Si vous aviez toujours rêvé de vous échouer sur une planète hostile avec un yorkshire, un pyromane et un asocial comme seuls compagnons, RimWorld est fait pour vous.

Fiche Technique

  • Support de test : PC – OS Windows 7 64 bits / Intel Core i5-2500K 3,30 GHz / 8 Go RAM / Asus GTX 760 OC
  • Version du jeu testée : version Early Access fournie par Ludeon Studios
  • Développeur : Ludeon Studios
  • Éditeur : Ludeon Studios
  • Type : survie/stratégie/craft
  • Date de sortie française : 16 juillet 2016 (date de l’Early Access – date de sortie de la version finale inconnue)

Issu d’un financement Kickstarter en octobre 2013, RimWorld a depuis fait son bonhomme de chemin sur la scène indépendante, rencontrant un vif succès auprès des joueurs avant son débarquement récent sur Steam. Actuellement en Alpha 13, le jeu est cependant très jouable et proche de sa version finale. Si graphiquement, le jeu ressemble fort à Prison Architect, ne vous y trompez pas, les deux jeux sont issus de deux studios différents, l’auteur de RimWorld ayant demandé la permission de s’inspirer du design épuré de Prison Architect pour des raisons pratiques.

L’un des objectifs de RimWorld (qui n’est que l’un des scénarios jouables parmi une infinité que vous pourrez créer) est de vous faire incarner des humains échoués sur une planète après des années voire des siècles de stase, et dont le but sera de survivre en bâtissant un camp. A terme, après avoir survécu aux ennemis divers et autres catastrophes qui ne manqueront pas de leur tomber sur le coin de la figure, il leur sera possible d’envisager de quitter leur colonie pour des horizons plus cléments…

L’annale des colons

Lorsque l’on démarre RimWorld pour la première fois, on a l’agréable surprise de constater que le jeu est traduit en français, même si la traduction n’est pas encore omniprésente. La majorité des jeux indépendants n’ayant pas les moyens de s’offrir une localisation en langue étrangère et/ou ne possédant pas de communauté suffisamment active pour en réaliser une à l’œil, ce sont parfois plusieurs perles qui passent à la trappe auprès des joueurs non-anglophones pour qui la langue anglaise est une barrière de taille. Premier bon point pour Rimworld, donc, qui propose plusieurs langues dont le français, et dont la traduction est sans cesse améliorée au fil du temps.

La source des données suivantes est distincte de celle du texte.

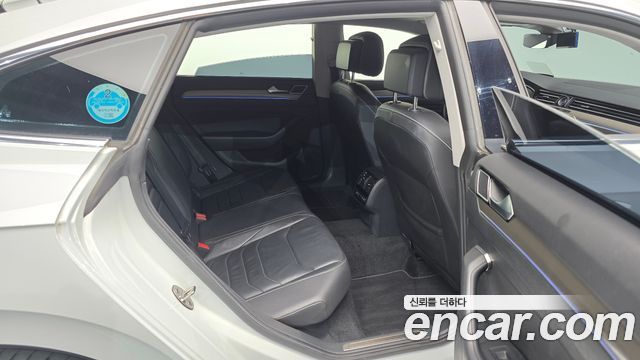 Volkswagen Arteon 2.0 TDI Prestige 2020 — фото 12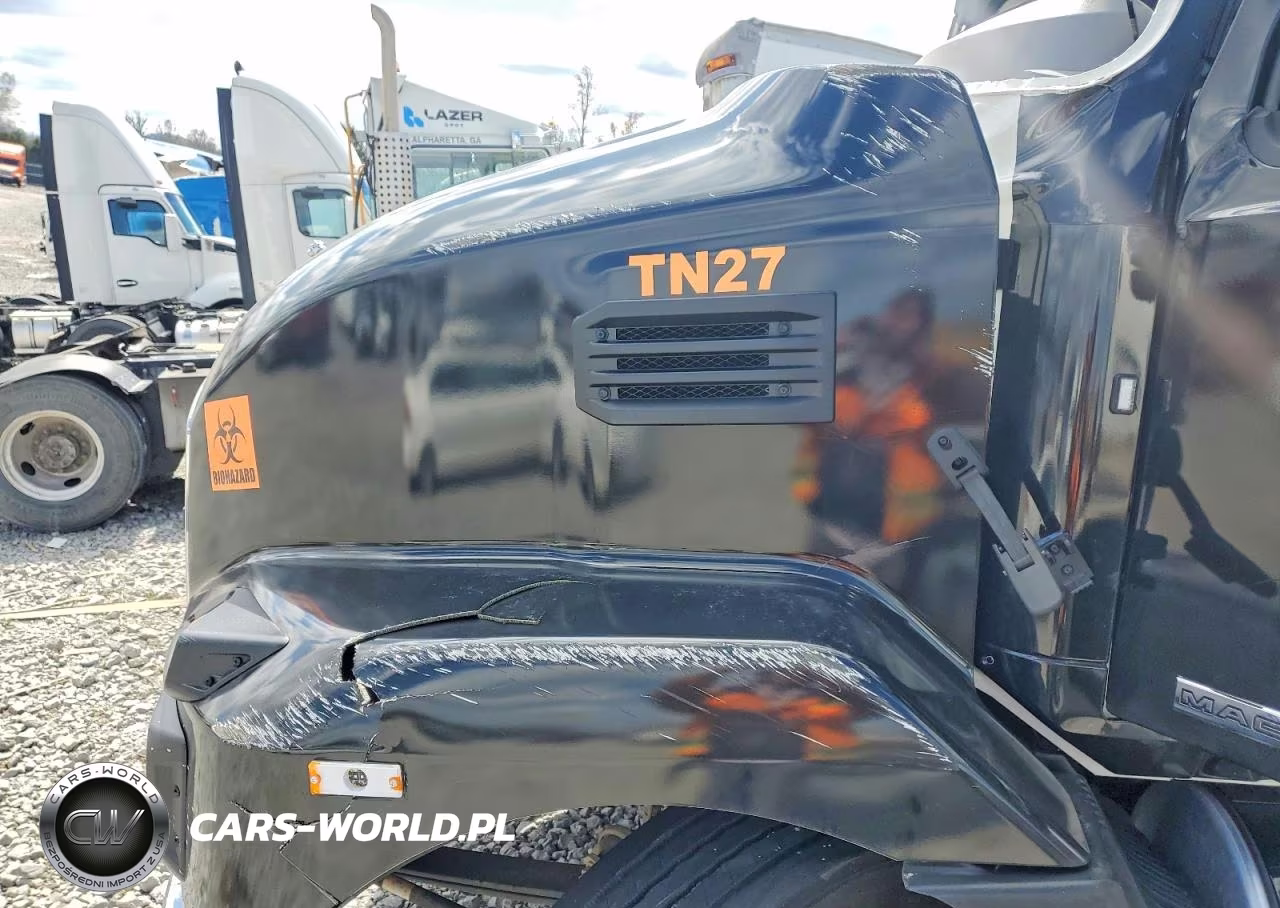 2025 Mack Md Vacuum Truck VIN:1M2MDBAA9SS015592 - 11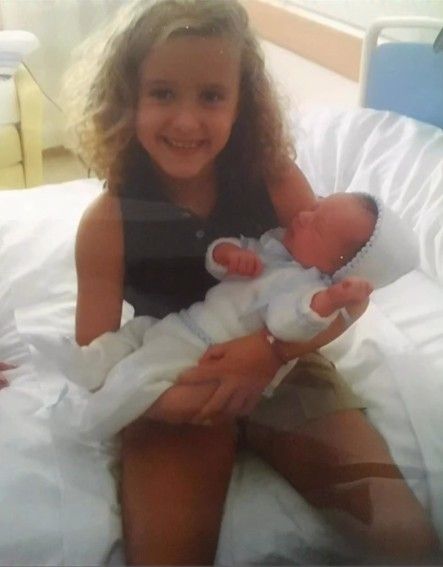 Con su hermana Lucía, seis años mayor que él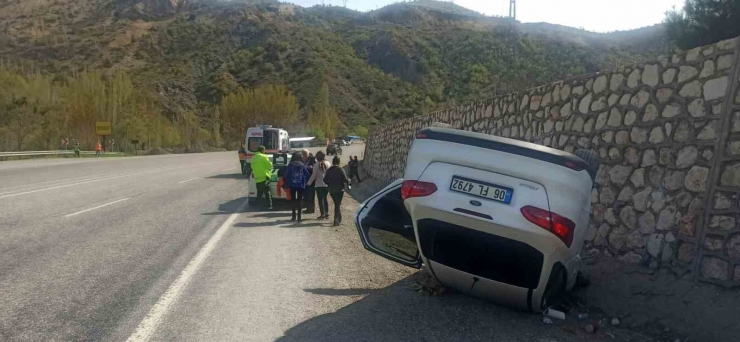 İstinat Duvarına Çarpan Otomobil Takla Attı: 4 Yaralı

Plusieurs possibilités s’offrent ensuite à nous avant de démarrer une partie : aller bidouiller dans les options, jeter un œil aux mods via le Steam WorkShop, et créer une nouvelle colonie. Cette dernière va se dérouler en plusieurs étapes : tout d’abord, il vous faudra choisir votre scenario entre les trois proposés. Le premier vous permet de prendre le contrôle d’un groupe de 3 survivants (et leur animal) éjectés de leur vaisseau spatial et qui vont sortir de leurs capsules de stase pour apprendre à survivre en milieu hostile et espérer repartir dans l’espace un jour ; le deuxième vous propose de jouer avec un groupe de 5 indigènes, des natifs du monde sur lequel vous évoluerez ; quant au troisième, celui-ci est un peu plus hardcore et vous met dans la peau d’un seul et unique personnage, un riche quidam en quête d’aventure.

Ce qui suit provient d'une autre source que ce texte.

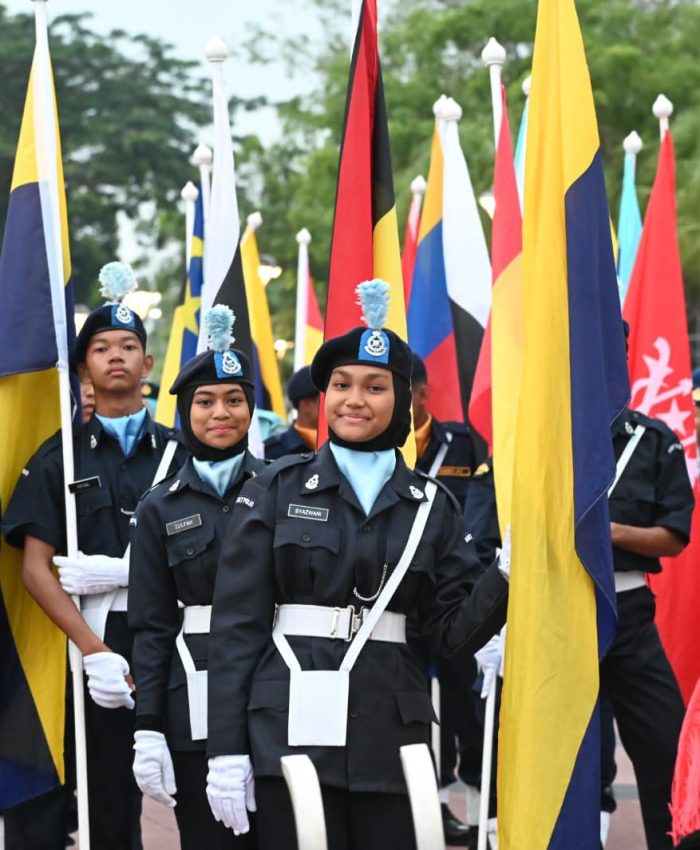 Pagi tadi, kami berjaya merakam momen-momen indah ketika ribuan rakyat Malaysia hadir dengan penuh semangat, mengibarkan Jalur Gemilang dan meraikan kebanggaan negara pada sambutan Hari Kebangsaan tahun ini.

A savoir que RimWorld n’est pas le genre de jeu à vous bloquer dans des règles rigides et immuables. La page scénario vous permet d’utiliser ce que l’on appelle des seed (= « graines » ou « germes » en français), une suite de caractères qui génèrera au hasard votre équipement ainsi que votre groupe de départ. Concrètement, nous recommandons cette option une fois les bases du jeu maîtrisées, le caractère aléatoire des scénarios créés avec ces seed rehaussant nettement la difficulté du jeu.

Scène à risque

Ensuite vient le moment de choisir l’IA scénariste, l’intelligence artificielle chargée de gérer les évènements qui se produiront au fil de vos aventures. Concrètement, l’objectif est ici de fournir un système capable d’adapter les évènements en fonction de vos actions, bien que les RNG (Random Number Generator, ou « générateur de nombre aléatoire » en français, ndlr) semblent également avoir une influence notable au cours de la partie.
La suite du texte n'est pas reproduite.